Guinean prosecutors on Wednesday demanded life sentences for former dictator Moussa Dadis Camara and six other military or government officials over a 2009 massacre, saying they were guilty of crimes against humanity.
The chief prosecutor, Alghassimou Diallo, denied the defendants any mitigating circumstances, pointing to their lack of regret since the landmark trial began in September 2022.
On September 28, 2009, and in the days that followed, members of the presidential guard, soldiers, police and militiamen brutally cracked down on an opposition rally at a stadium in the suburbs of the capital Conakry.
At least 156 people were killed, 109 women were raped and hundreds injured, according to a UN-mandated commission of inquiry, in one of the darkest chapters in the West African nation's history.
In a silent courtroom, the defendants listened without flinching as chief prosecutor Diallo set out the prosecution's demands.
He asked the court to reclassify the charges against Dadis Camara as "crimes against humanity by murder, assassination, torture, holding people against their will, rape and superior responsibility".
Diallo requested that the charges also be reclassified for the 11 other defendants, one of whom is being tried in absentia and another of whom escaped prison after the trial began.
The chief prosecutor called for Dadis Camara and six other defendants to be sentenced to life imprisonment with a 30-year non-parole period, during which he would not be eligible for a modified sentence.
Diallo requested sentences of 15 years' imprisonment for three other defendants, and 14 years for two others.
The trial is due to resume Monday with the defence case, which is expected to last several days before the judges give their verdict at a date yet to be determined.
Victims had been waiting years for justice, before the case was brought before a court under the junta which seized power in 2021.
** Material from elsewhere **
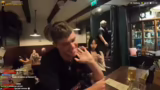 Bestellung im Restaurant und…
Nene Aissatou Ndane Doumbouya, a retired nurse who was raped at the stadium and left for dead, expressed her joy after the closing arguments.
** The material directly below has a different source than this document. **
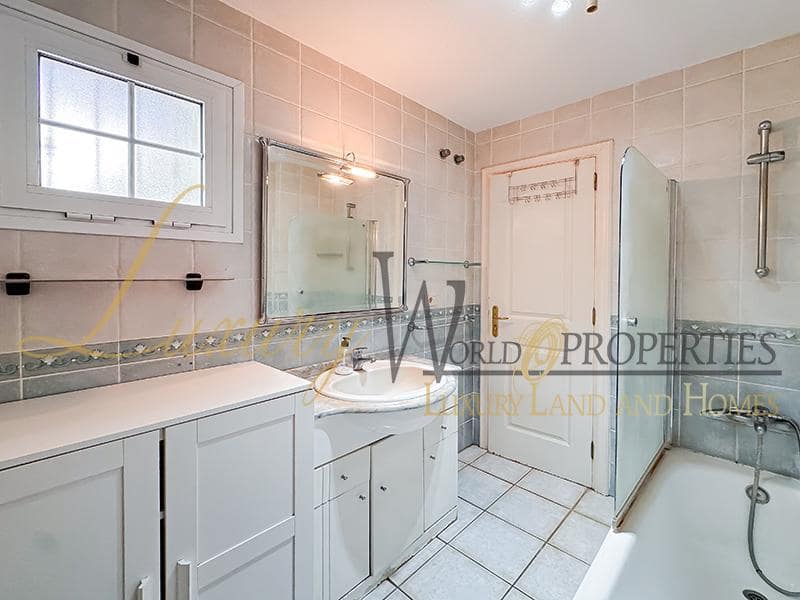 1 soverom Leilighet til salgs i Chayofa med svømmebasseng - € 250 000 (Ref: 8708732)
When she heard the prosecutor's requests, "the rest didn't interest me anymore, I was so relieved, so drunk with happiness," she said.
On Wednesday, three representatives from the public prosecutor's office recounted before the court the sheer brutality of the acts committed in September 2009.
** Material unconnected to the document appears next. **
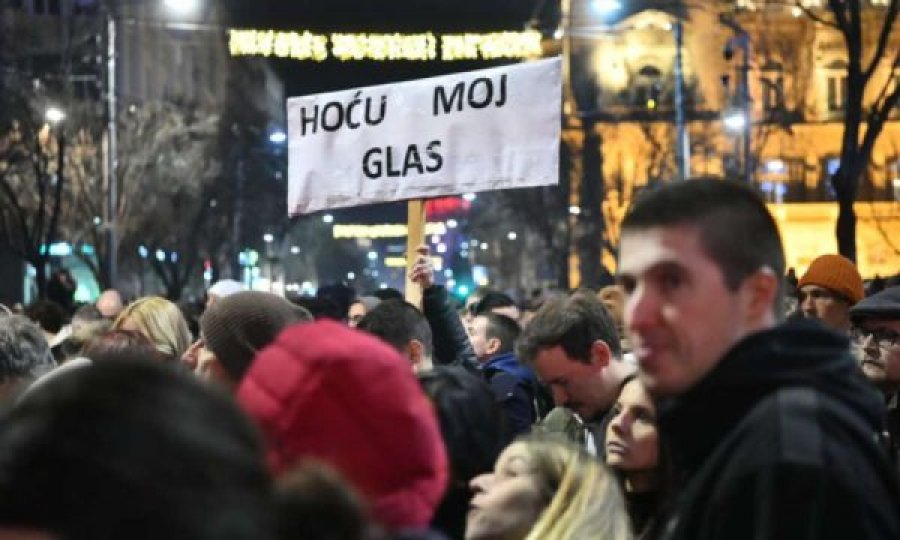 Dramë në Serbi: Protesta të reja masive në Beograd, bashkëngjiten edhe studentë nga Novi Sadi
One of the representatives, Elhadj Sidiki Camara, burst into tears as he recalled how a mother of a three-week-old baby was abducted from the stadium and held captive for a month by a soldier who used her as his sex slave.
"I remember this doctor who came with a photo of his mother cut up among other bodies," said prosecutor Diallo.
But, he said, "I have not felt the slightest remorse on the faces of these defendants", adding that it had been a "surprise throughout these 18 months".
"Mitigating circumstances are granted to those who regretted the acts they committed. Them? You must not even think about that, Mr President," he added.
During the trial, the defendants blamed each other for the events that took place in September 2009.
Dadis Camara always argued that he had been overtaken by his subordinates and denied any responsibility.
The prosecution disagreed.
"He did nothing to ensure that the meeting was not repressed. On the contrary, he planned it," said Elhadj Sidiki Camara.
He added that Dadis Camara later took no action against his men.
Convictions in line with the prosecution's requests would "put the sword of Damocles on the heads of every member of the nation to say that the path taken by these defendants here today is a path prohibited by law," said prosecutor Diallo.
"We couldn't have wished any better for our persecutors, they got what they deserved," one victim, Aminata Camara, a retired teacher, told an AFP correspondent who was himself a victim of the events.
"From this evening, I'm going to pray that the judge will follow the prosecutor's request exactly," she added.